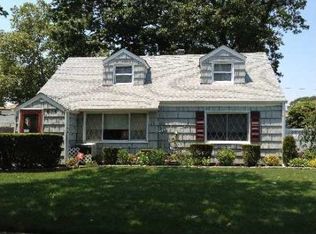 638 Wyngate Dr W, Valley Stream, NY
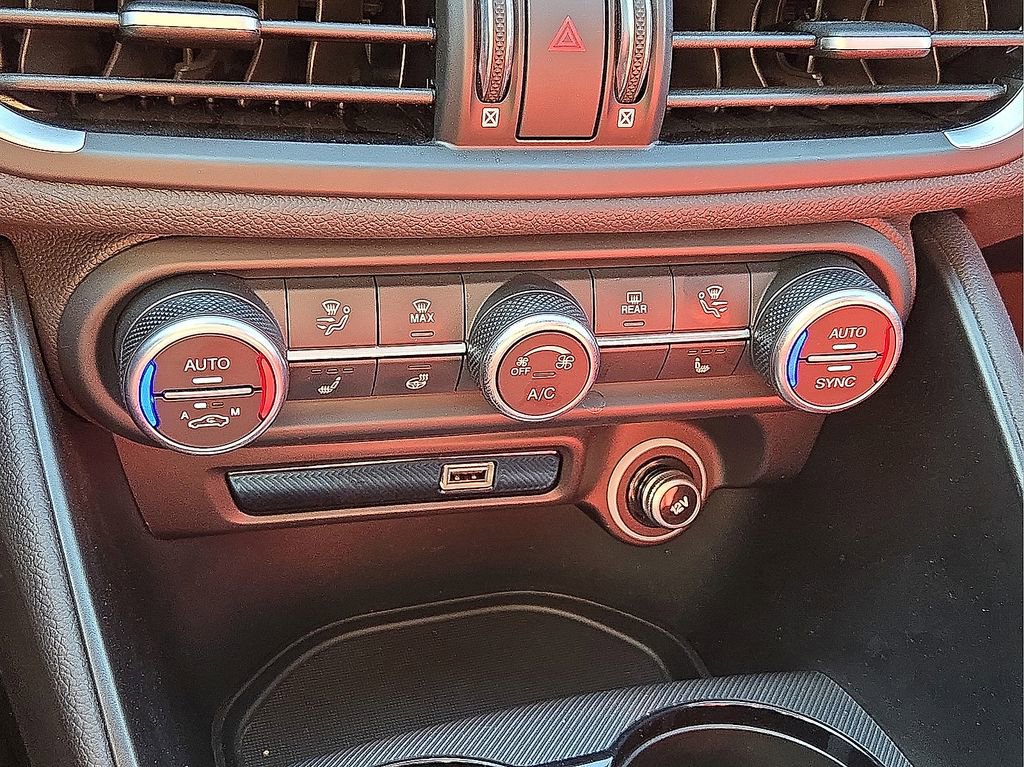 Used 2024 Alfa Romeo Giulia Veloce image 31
------------------------------------------------------------
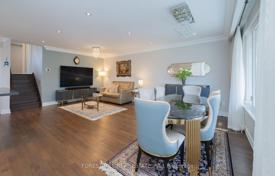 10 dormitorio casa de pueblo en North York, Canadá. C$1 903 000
------------------------------------------------------------
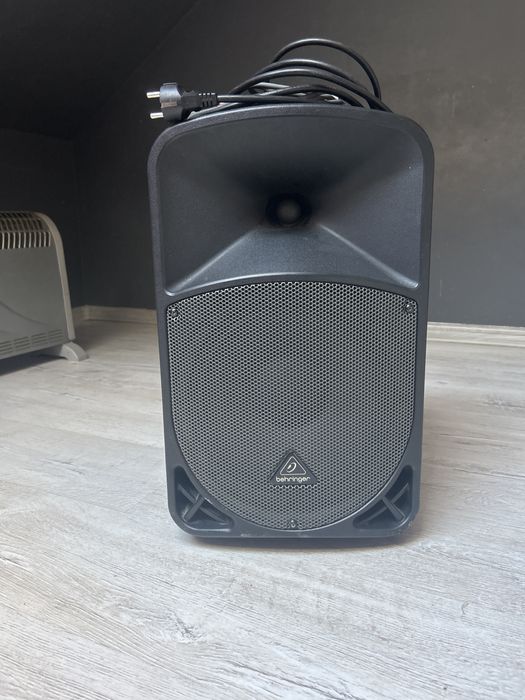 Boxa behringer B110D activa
------------------------------------------------------------
__What you will do__: Repeat exactly the stretch of the listing above that starts with the line holding "638 Wyngate Dr W, Valley Stream, NY" and finishes with the line holding "Used 2024 Alfa Romeo Giulia Veloce image 31", both included. Skip every picture.

__Problem solution__:
 638 Wyngate Dr W, Valley Stream, NY
 Used 2024 Alfa Romeo Giulia Veloce image 31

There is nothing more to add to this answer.